Section 2. Exclusive Nature of Duties. The Distributor shall
be the Funds' exclusive representative to act as principal underwriter and
distributor of the Shares, except that:
a. The Corporation may, with respect to any Fund, upon written
notice to the Distributor, from time to time designate other principal
underwriters and distributors of the Shares with respect to areas other than the
United States as to which the Distributor may have
expressly waived in writing its right to act as such. If such designation is
deemed exclusive, the right of the Distributor under this Agreement to sell the
Shares in the areas so designated shall terminate, but this Agreement shall
remain otherwise in full effect until terminated in accordance with the other
provisions hereof.
b. The exclusive rights granted to the Distributor to purchase
Shares from each Fund shall not apply to Shares issued in connection with the
merger or consolidation of any other investment company or personal holding
company with a Fund or a Fund's acquisition by purchase or otherwise of all (or
substantially all) the assets or the outstanding shares of any such company.
c. Such exclusive rights also shall not apply to Shares issued
by a Fund pursuant to reinvestment of dividends or capital gains distributions.

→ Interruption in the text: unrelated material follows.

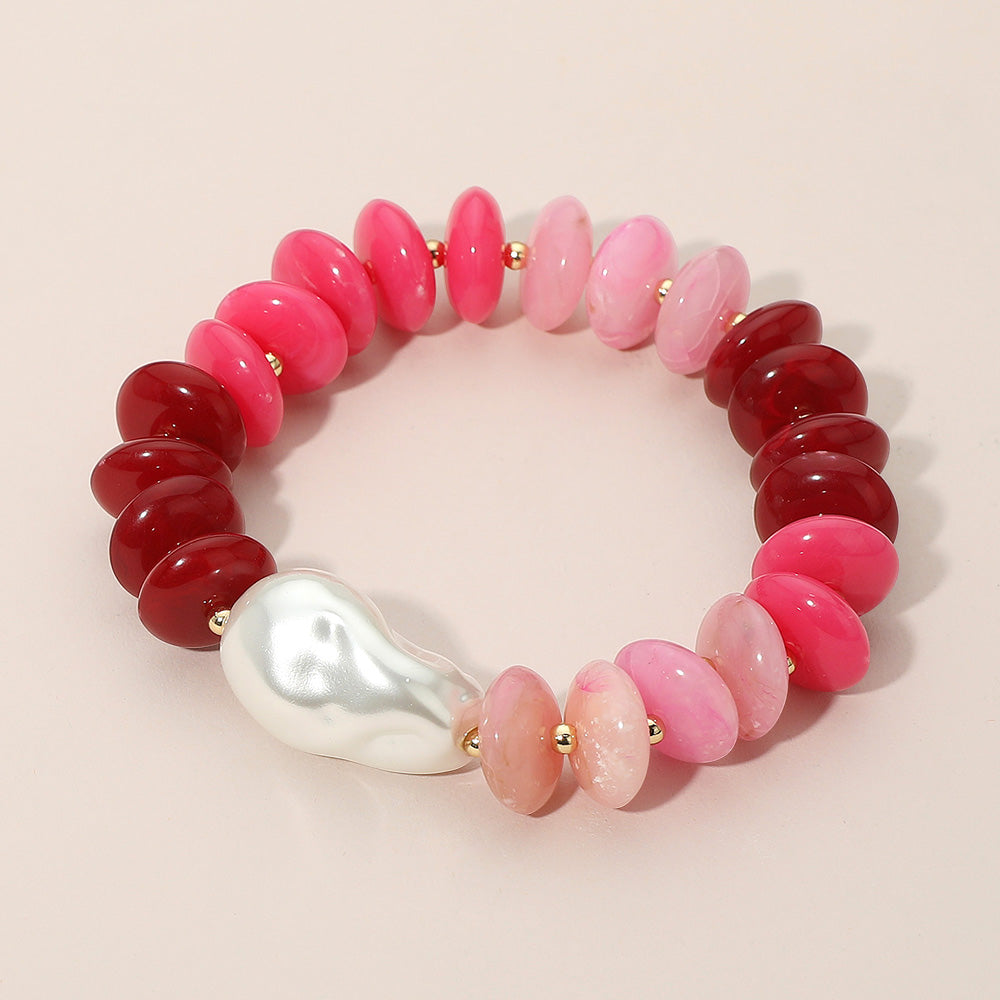 Abstract Pearl Accent Resin Pebble Beaded Stretch Bracelet in Fuchisia & Gold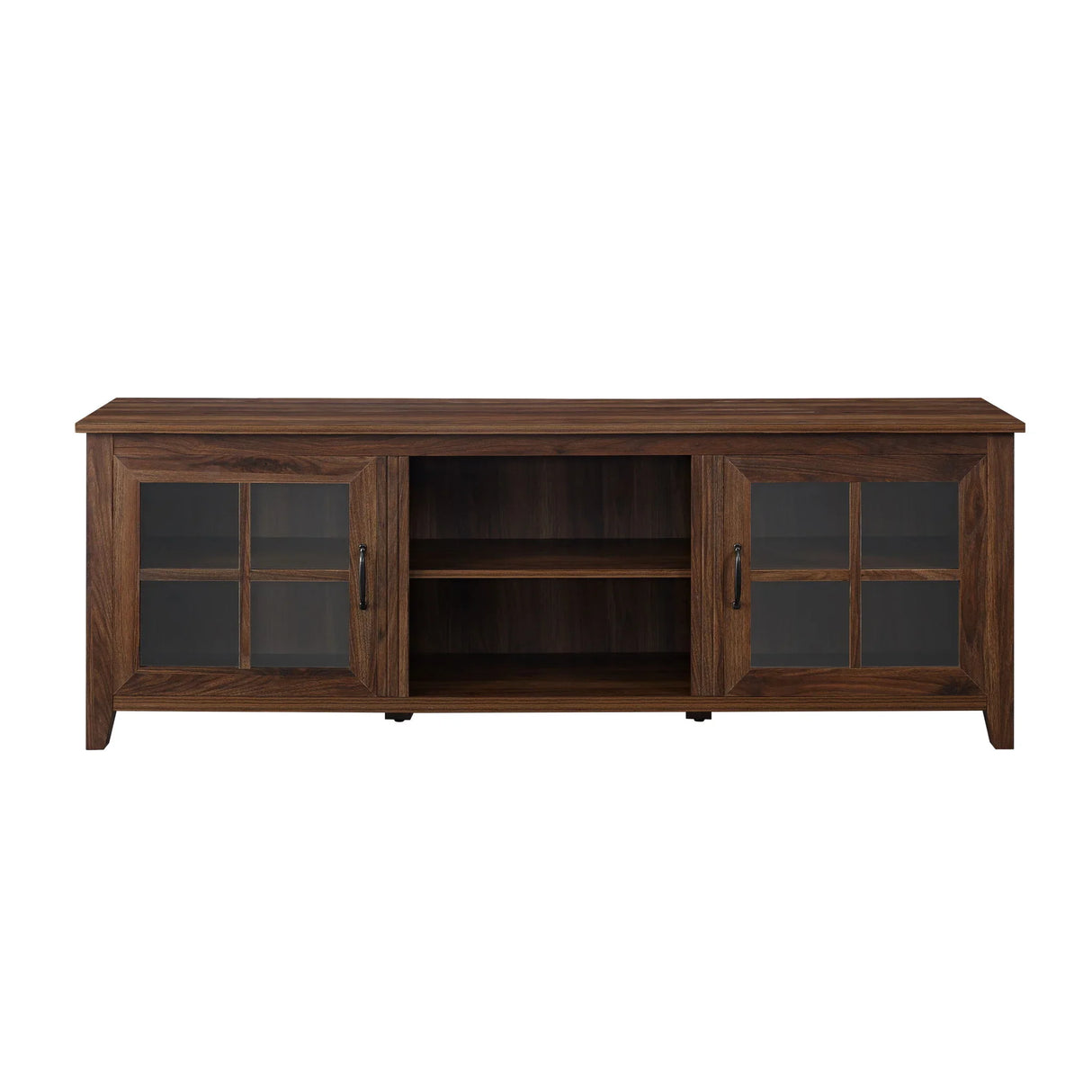 Modern Farmhouse 2 Door Glass Windowpane 70" TV Stand For 80" TVs - Furniture Home Direct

d. Such exclusive rights also shall not apply to Shares issued
by a Fund pursuant to any conversion, exchange or reinstatement privilege
afforded redeeming shareholders or to any other Shares as shall be agreed
between the Corporation and the Distributor from time to time.
Section 3. Purchase of Shares from the Corporation.
a. Prior to the continuous offering of the Shares of a Fund,
commencing on a date agreed upon by the Corporation and the Distributor, the
Distributor may solicit subscriptions for Shares during a subscription period
which shall last for such period as may be agreed upon by the parties hereto. If
so, the subscriptions will be payable within three business days after the
termination of the subscription period, at which time the Shares will be issued
against payment and such Fund will commence operations.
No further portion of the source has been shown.